Dafür ist eine Erlaubnis nach dem Kreditwesengesetz (KWG) erforderlich. Liegt diese nicht vor, kann die Behörde das Geschäft untersagen und die Rückabwicklung verlangen. Wer Nachrangdarlehen anbietet, begibt sich bewusst in den Grenzbereich zum Einlagengeschäft und damit zur Erlaubnispflicht, so die BaFin.

„Mit der Begebung einer solchen Kapitalanlage werden die Grenzen ausgereizt. Eine verantwortungsbewusste, kompetente Geschäftsführung beinhaltet auch die Berücksichtigung einer möglichen Verschärfung der Rechtsprechung. Es unterliegt dem Risiko des Anbieters, wenn sich seine anfängliche Einschätzung nachträglich als falsch erweist“, erklärte die BaFin.
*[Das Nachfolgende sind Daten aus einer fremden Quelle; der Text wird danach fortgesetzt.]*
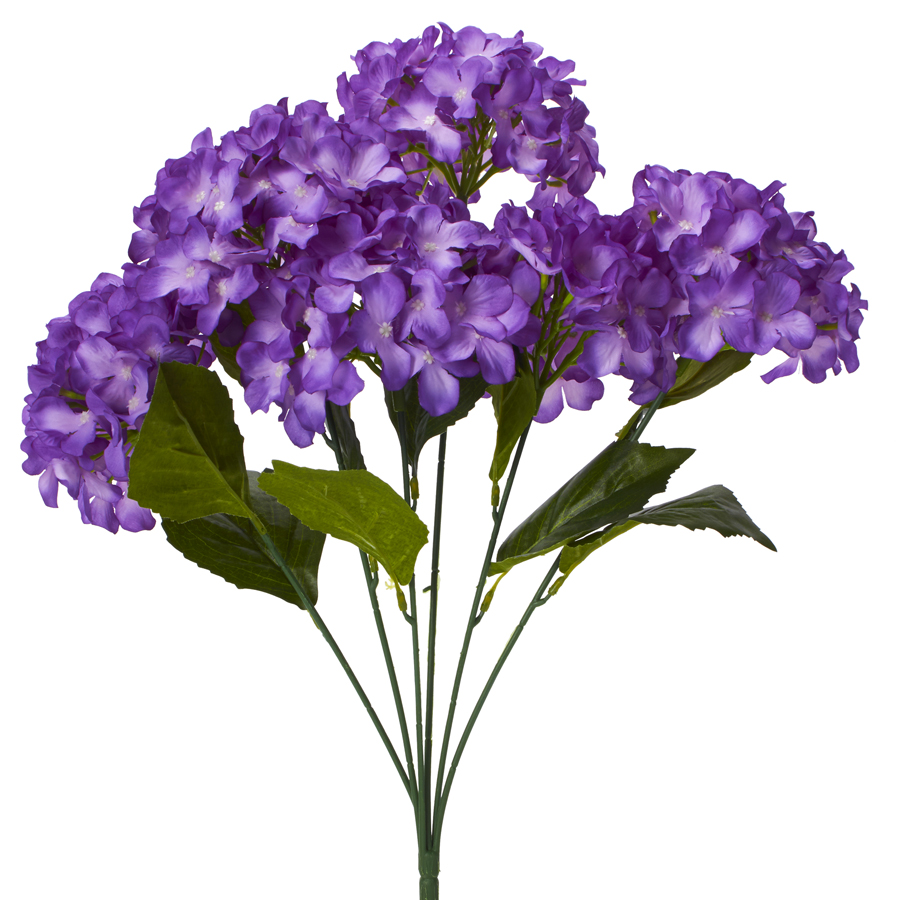 Artificial Hydrangea Bouquet 22½" - Purple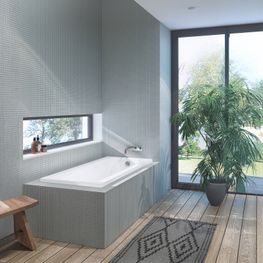 Tina Empotrable Blanca Acrílica 1 Persona 150x70x45 cm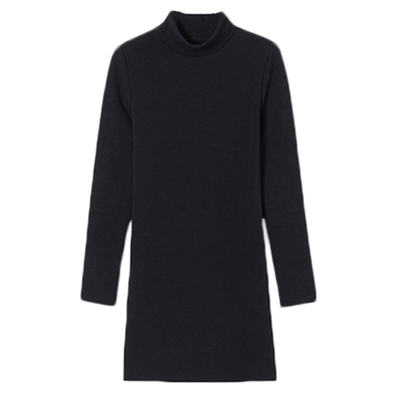 半高领打底衫女中长款加厚长袖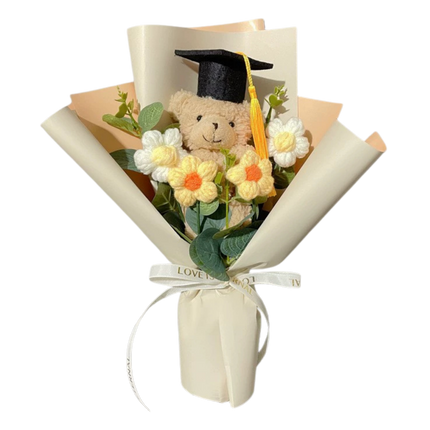 Graduation Bear Crochet Flower Bouquet
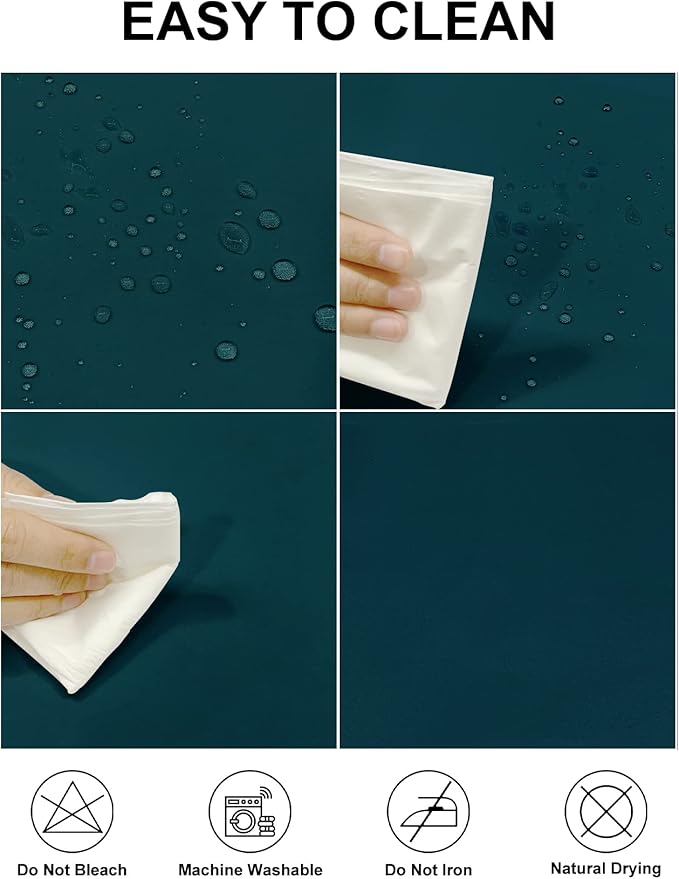 Fokitut 2 Pack Waterproof Round Tablecloth, 132 Inch, Stain Resistant and Wrinkle Polyester Table Cloth, Fabric Table Cover for Kitchen Dining, Wedding, Party, Holiday Dinner-Peacock Blue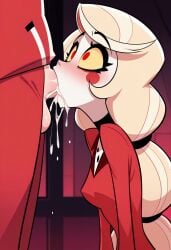 ai_generated blowjob blush charlie_morningstar_(hazbin_hotel) cum cum_drip cum_in_mouth deepthroat hazbin_hotel pansoorai uncensored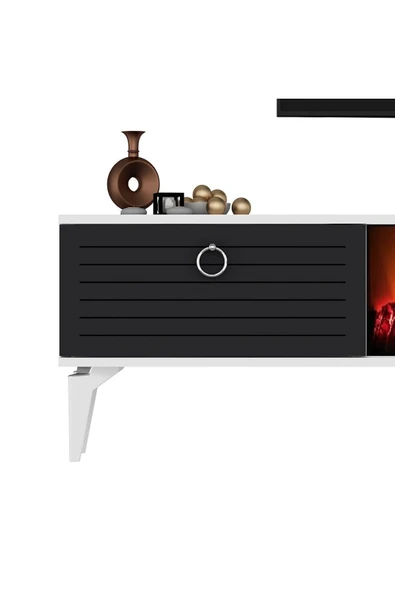 cantek dizayn ARRONA TV SEHPASI (ALT MODÜL) ŞÖMİNELİ BEYAZ-ANTRASİT - Resim 2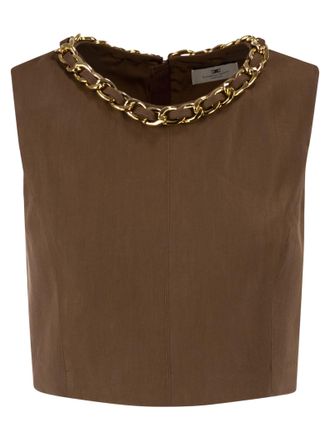 Elisabetta Franchi Sleeveless Top With Jewel Chain Detail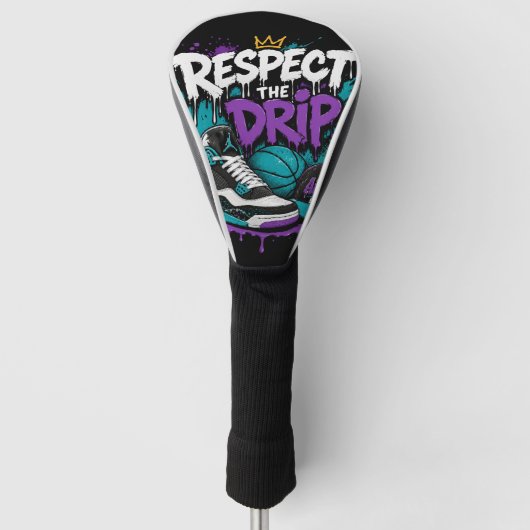 Couvre-club De Golf Conception de basketball Respect The Drip (Devant)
Nachrangdarlehen gelten unter bestimmten – sehr engen – Voraussetzungen nicht als Einlagengeschäft. Dazu zählt, dass sie nachrangig gegenüber anderen Verbindlichkeiten des Emittenten sein müssen (daher der Name) und die Ansprüche nicht geltend gemacht werden können, wenn das zur Insolvenz des Emittenten führen würde. Die BaFin schreitet im öffentlichen Interesse gegen unerlaubt betriebene Bankgeschäfte ein – auf gesetzlicher Grundlage von Paragraf 37 KWG. Diese Vorschrift ermächtigt die Behörde, die sofortige Einstellung des unerlaubten Geschäftsbetriebs und die unverzügliche Abwicklung dieser Geschäfte gegenüber dem Unternehmen anzuordnen.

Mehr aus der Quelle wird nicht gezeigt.